The generator output varies significantly with turbine speed, so the first task was making that signal usable. The conditioning stage converts AC to DC and reduces ripple so downstream logic behaves consistently.

  • Designed a full-wave rectifier to convert generator output into DC
  • Added filtering to improve stability and reduce flicker in the indicators
  • Validated DC behavior by measuring ripple and steady-state output under load
Breadboarded rectifier and filtering stage
Full system schematic showing full-bridge rectifier, logic controller, and indicator systems

Indicator Logic

The indicator circuit converts DC voltage into clear discrete states that reflect turbine operating speed.
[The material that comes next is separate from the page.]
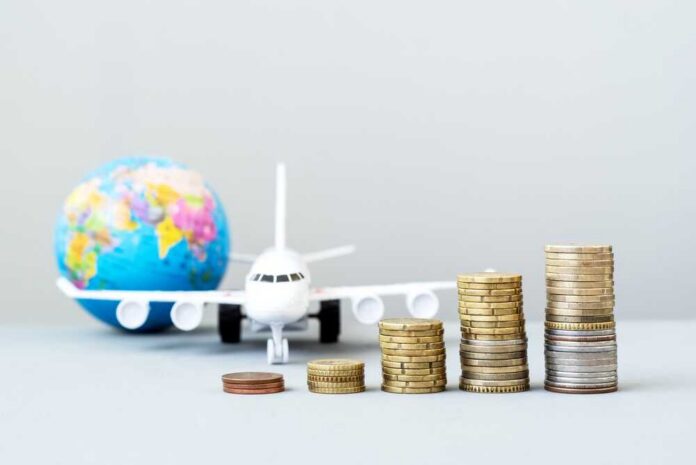 Airplane,With,A,Globe,,Growing,Stacks,Of,Coins.,Rising,Transportation Stacked coins in front of a toy airplane and globe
Comparator thresholds were tuned based on measured generator behavior rather than ideal assumptions.

  • Set comparator thresholds to classify low, nominal, and high speed operation
  • Used LED indicators to communicate state transitions cleanly during operation
  • Adjusted threshold margins to avoid chatter during noisy transitions

Testing & Validation

Performance was verified experimentally across multiple wind speeds with direct measurements on both the raw AC signal and the conditioned DC output.

  • Measured generator output with oscilloscope to confirm expected waveform behavior
  • Verified rectified DC output magnitude and ripple across operating conditions
  • Confirmed indicator state changes at intended thresholds during live testing

Problems Solved & What I Learned

  • How to translate physical system behavior into electrical design targets
  • How to stabilize real generator signals so downstream logic behaves consistently
  • How to debug breadboard hardware quickly using measurement tools
  • How comparator thresholds need margin to avoid noisy switching
  • How to structure tests so results prove performance without hand-waving

Impact

This project delivered a complete energy conversion and indication system that was built and verified in hardware. It strengthened my ability to connect mechanical behavior to electrical design decisions and reinforced the habit of validating assumptions through measurement and repeatable tests.